In the past, an insurance transaction typically involved financial protection against hypothetical events that hopefully did not occur, or payment to customers when these events did occur. Times have changed, however, and insurance companies are now anticipating and addressing unwanted incidents for their customers in the best possible way: by forestalling these incidents via sound data principles.
These new approaches may be necessary for both the company and its customers. For example, an organization should take all appropriate steps to help assure that its own cyber and data resources are secure and sustainable. But the same insurance company can offer cyber insurance policies as a service or product to its customers. Before such policies are written, the insurance company may require that customers undergo their own cyber risk review — similar in intent, although with a different focus and scope — with penetration testing and other components to help ensure sufficiency of the security posture.
Blockchain Enables Speed and Security
There are many innovative techniques and technologies, such as the “Method and System for Controlling Access to Data via a Data Centric Security Model,” designed to ensure the security and privacy of both insurance companies and their customers. But perhaps the most powerful — and transformative — is blockchain.
Blockchain is a secure, distributed ledger system that can be applied throughout the commercial insurance environment. An example may be found even in the traditional perspective of insurance for loss compensation, since blockchain can increase efficiency and reduce fraud in customer valuations and decrease improper multiple payments. For the insured customer who has sustained a loss, blockchain can speed up the review process, reducing claims paperwork and accelerating appropriate payments via automated smart contracts.
But as compelling as blockchain may be in traditional insurance areas, its greatest utility lies in the field of loss prevention and data protection. Blockchain can assist in securing the provenance of all insurance stakeholders, be it the identity of a truck driver or the integrity of a part inside the truck.

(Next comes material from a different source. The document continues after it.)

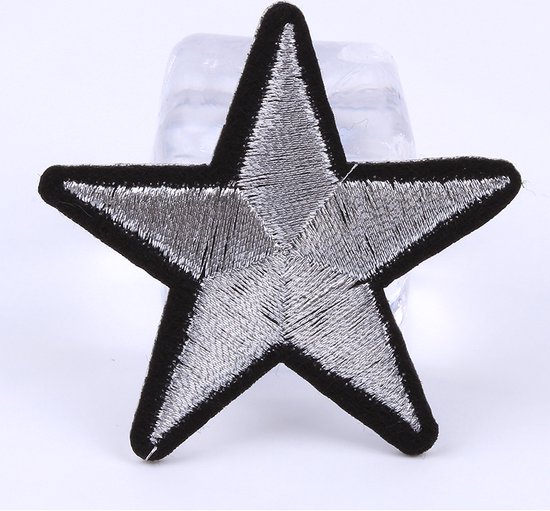 Zilverkleurige ster-patch met zwarte rand, op een ijspak, met witte achtergrond.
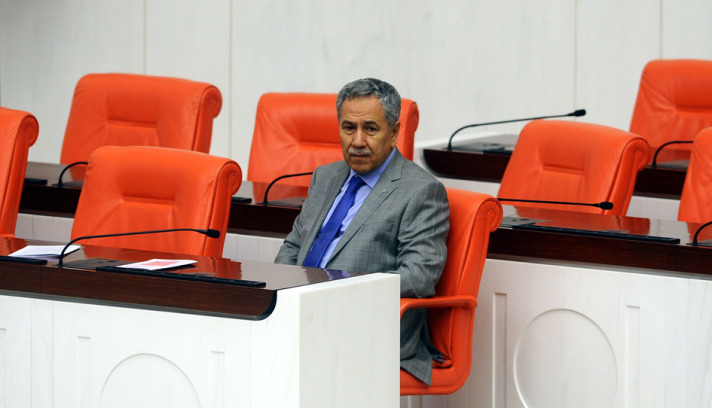 Bülent Arınç TBMM Genel Kurulu'nda tek başına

The Digital DNA of Commerce
On its surface, human activity is analog. But on a deeper level, it is digital (think DNA, nerve impulses, etc.) and even quantum on a deeper level. There is a saying in biology: “Ontogeny Recapitulates Phylogeny,” which states that the history of any entity maps its biological background. In other words, DNA may include that which came before it in the species’ — and perhaps the individual’s — development.
As with many innovative enterprises, blockchain is the digital DNA of commerce, of trust and of transactions for the insurance industry and its customers. Blockchain blocks chicanery, as it records, builds and expands on what came before it for optimum utility and growth.